Strona główna

Jak długo bedziemy płakać za Benitezem?

benji | 29.10.2007; 14:34
Zwolnienie Quique Floresa z jednej strony cieszy wielu kibiców Ches, jednak z drugiej wprawia ich w niesamowitą niepewność, bowiem nieznane jest nazwisko jego następcy. Taka sytuacja miała już miejsce trzy lata temu, gdy również ze stanowiska szkoleniowca zwolniony został Claudio Ranieri. Wówczas pozycję objął Antonio Lopez, teraz media spekulują o zatrudnieniu Jose Mourinho.

W każdym jednak wypadku, ktokolwiek nie przejąłby ekipy blanqiunegros zadanie będzie miał jednakowe, mianowicie nawiązać do wyników Rafaela Beniteza. Można by spytać czemu to akurat Hiszpan podawany jest jako wzór pracy na Mestalla, skoro jego poprzednicy również odnosili sukcesy? Jednak to właśnie Benitez był tą osobą, która nadała odpowiedni kształt grze Nietoperzy, a z każdym kolejnym rokiem jeszcze bardziej wzmacniała pozycję klubu. Do tego dochodzi też inny czynnik - władze klubu z pewnością do dziś plują sobie w brodę z powodu odejścia Beniteza. Kłótnia z zarządem, która spowodowała przeprowadzkę popularnego Rafy na Anfield Road do dziś unosi się jak widmo nad Estadio Mestalla. Od tego czasu żaden szkoleniowiec nie potrafił przekonać do siebie kibiców. Dobitnie świadczy o tym fakt, iż dwóch kolejnych trenerów żegnało się z klubem w środku sezonu.

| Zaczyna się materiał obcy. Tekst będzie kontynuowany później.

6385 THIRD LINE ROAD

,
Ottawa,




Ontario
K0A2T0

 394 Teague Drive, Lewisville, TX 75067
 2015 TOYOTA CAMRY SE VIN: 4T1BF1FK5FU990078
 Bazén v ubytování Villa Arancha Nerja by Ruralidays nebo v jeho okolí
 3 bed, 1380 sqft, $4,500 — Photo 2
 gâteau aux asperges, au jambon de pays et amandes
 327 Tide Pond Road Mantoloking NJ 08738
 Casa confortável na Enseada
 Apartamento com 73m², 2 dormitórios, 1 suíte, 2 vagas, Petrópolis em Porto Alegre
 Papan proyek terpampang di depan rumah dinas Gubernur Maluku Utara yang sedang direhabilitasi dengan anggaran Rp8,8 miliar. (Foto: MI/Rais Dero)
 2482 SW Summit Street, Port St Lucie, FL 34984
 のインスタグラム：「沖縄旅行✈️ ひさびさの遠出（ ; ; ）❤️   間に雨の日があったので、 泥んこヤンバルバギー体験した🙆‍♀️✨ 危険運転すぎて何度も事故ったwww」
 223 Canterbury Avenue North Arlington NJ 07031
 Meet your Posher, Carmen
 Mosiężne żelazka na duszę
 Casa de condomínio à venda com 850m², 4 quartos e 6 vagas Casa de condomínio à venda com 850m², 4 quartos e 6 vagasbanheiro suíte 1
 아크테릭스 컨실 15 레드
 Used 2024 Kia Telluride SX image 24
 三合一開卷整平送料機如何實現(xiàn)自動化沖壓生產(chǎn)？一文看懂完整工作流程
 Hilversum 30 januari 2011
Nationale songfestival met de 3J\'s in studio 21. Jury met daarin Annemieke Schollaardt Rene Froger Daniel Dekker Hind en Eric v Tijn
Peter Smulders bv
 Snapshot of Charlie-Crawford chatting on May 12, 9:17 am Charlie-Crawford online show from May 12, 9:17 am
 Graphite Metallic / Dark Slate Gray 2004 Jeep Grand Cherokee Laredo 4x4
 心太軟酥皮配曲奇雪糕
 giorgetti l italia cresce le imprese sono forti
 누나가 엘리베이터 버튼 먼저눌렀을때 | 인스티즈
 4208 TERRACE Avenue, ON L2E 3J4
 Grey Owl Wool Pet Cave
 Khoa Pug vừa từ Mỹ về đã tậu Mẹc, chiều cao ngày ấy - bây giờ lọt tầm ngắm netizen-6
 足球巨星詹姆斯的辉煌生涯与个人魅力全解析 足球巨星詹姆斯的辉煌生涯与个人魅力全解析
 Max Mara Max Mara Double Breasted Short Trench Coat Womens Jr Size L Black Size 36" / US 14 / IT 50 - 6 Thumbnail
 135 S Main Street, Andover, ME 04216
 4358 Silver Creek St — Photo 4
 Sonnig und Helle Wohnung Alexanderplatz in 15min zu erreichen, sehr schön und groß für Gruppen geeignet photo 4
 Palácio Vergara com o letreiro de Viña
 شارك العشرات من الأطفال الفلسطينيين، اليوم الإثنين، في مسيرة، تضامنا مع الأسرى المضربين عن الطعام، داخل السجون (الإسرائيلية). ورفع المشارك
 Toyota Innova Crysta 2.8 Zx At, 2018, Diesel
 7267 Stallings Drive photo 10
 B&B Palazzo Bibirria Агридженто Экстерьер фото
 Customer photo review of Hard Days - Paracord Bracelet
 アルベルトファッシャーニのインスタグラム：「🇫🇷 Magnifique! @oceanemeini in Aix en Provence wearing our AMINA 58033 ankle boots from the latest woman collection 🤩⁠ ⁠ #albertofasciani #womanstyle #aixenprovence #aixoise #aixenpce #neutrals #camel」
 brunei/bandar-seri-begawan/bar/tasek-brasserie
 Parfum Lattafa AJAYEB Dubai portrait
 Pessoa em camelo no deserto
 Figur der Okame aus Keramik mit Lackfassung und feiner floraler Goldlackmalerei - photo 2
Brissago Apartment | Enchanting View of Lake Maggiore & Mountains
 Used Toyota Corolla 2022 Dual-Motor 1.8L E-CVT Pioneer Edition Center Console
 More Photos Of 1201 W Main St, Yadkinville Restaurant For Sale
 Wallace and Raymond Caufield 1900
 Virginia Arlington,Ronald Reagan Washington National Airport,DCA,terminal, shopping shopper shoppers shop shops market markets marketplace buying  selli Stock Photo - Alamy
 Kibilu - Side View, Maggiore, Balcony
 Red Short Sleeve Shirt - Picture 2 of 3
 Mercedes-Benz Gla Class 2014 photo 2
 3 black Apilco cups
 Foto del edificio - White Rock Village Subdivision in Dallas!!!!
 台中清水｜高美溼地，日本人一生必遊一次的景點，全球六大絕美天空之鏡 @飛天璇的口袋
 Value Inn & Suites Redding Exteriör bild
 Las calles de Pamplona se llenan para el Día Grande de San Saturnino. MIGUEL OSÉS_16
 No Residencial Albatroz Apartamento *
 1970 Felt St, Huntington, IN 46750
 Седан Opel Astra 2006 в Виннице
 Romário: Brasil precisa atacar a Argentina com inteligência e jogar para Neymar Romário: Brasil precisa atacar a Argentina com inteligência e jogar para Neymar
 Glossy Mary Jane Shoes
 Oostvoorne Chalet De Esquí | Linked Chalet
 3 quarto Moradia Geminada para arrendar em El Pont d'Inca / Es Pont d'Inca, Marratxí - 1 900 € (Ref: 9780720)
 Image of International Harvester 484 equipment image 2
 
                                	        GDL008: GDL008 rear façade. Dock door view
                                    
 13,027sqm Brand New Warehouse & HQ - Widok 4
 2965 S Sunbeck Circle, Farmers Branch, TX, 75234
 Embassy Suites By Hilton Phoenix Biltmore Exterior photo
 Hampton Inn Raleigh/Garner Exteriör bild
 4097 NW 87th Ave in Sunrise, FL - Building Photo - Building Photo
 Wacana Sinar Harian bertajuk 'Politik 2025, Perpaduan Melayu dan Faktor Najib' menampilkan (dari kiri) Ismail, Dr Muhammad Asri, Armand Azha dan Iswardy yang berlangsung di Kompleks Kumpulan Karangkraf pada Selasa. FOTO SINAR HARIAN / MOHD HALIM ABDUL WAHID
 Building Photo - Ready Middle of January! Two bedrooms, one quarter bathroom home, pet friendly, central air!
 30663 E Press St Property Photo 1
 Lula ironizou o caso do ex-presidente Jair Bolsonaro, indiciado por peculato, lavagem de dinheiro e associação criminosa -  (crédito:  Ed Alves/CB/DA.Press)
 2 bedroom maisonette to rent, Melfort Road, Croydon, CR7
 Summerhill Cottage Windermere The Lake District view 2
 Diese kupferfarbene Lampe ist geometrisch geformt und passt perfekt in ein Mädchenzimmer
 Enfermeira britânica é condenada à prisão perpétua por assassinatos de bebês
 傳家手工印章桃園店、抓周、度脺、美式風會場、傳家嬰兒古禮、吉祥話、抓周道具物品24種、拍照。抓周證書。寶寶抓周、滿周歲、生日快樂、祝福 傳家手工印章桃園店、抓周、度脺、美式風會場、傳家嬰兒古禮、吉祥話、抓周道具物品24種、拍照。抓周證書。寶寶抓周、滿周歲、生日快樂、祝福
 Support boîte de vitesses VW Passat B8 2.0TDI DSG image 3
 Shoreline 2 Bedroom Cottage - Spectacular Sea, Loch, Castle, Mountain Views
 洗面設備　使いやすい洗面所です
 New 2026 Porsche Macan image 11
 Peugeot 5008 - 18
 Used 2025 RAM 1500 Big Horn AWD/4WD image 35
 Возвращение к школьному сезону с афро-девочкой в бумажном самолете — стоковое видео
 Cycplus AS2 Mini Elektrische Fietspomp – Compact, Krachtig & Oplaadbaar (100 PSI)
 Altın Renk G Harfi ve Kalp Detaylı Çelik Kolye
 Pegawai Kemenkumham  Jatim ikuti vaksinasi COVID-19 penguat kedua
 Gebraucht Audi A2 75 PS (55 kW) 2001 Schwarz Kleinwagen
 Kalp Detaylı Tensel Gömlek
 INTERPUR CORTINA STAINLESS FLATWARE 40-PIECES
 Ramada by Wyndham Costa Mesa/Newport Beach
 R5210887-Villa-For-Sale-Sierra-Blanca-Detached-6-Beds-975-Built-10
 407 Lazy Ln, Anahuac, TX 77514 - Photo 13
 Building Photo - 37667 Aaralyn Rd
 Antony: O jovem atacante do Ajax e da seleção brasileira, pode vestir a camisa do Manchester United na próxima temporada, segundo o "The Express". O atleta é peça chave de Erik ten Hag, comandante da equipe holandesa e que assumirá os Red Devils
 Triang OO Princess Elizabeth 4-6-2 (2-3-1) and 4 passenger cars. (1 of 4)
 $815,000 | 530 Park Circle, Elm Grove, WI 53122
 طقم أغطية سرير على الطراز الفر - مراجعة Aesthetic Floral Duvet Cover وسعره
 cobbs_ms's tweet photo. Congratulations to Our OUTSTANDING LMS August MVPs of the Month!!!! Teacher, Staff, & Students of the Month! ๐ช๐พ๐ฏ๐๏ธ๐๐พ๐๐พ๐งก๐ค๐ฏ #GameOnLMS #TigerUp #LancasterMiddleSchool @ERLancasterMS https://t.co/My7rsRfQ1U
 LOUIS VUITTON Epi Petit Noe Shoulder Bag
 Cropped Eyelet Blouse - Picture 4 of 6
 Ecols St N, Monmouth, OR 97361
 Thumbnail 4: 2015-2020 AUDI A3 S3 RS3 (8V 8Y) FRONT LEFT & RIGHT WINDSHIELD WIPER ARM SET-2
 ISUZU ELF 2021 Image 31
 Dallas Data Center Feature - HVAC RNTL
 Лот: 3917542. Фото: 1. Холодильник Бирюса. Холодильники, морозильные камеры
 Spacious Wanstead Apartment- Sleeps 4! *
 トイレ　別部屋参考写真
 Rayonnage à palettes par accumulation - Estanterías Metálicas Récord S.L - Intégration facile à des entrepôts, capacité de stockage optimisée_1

Niemniej nie należy teraz płakać nad rozlanym mlekiem, a zdecydowanie określić cele i działania, które pozwolą Nietoperzom wrócić na odpowiedni szlak. Pierwszym czynnikiem bezsprzecznie jest zatrudnienie odpowiedniego trenera, który zsolidaryzuje się z drużyną i będzie mógł z powodzeniem prowadzić ją przez najbliższe lata. Kolejnym krokiem będzie określenie celów strategicznych - należy skupić się na wartości sportowej, bowiem ta jest w stanie pociągnąć za sobą poprawę sytuacji ekonomicznej klubu. Następna rzecz to przyjęcie do świadomości kibiców złożoności całego procesu. Trzeba zdawać sobie sprawę z tego, iż podniesienie się z kolan jest czasochłonne i uzbroić się w cierpliwość. Należy wierzyć, że jeżeli damy teraz zarządowi nasze wsparcie, odpłaci się ono w przyszłości.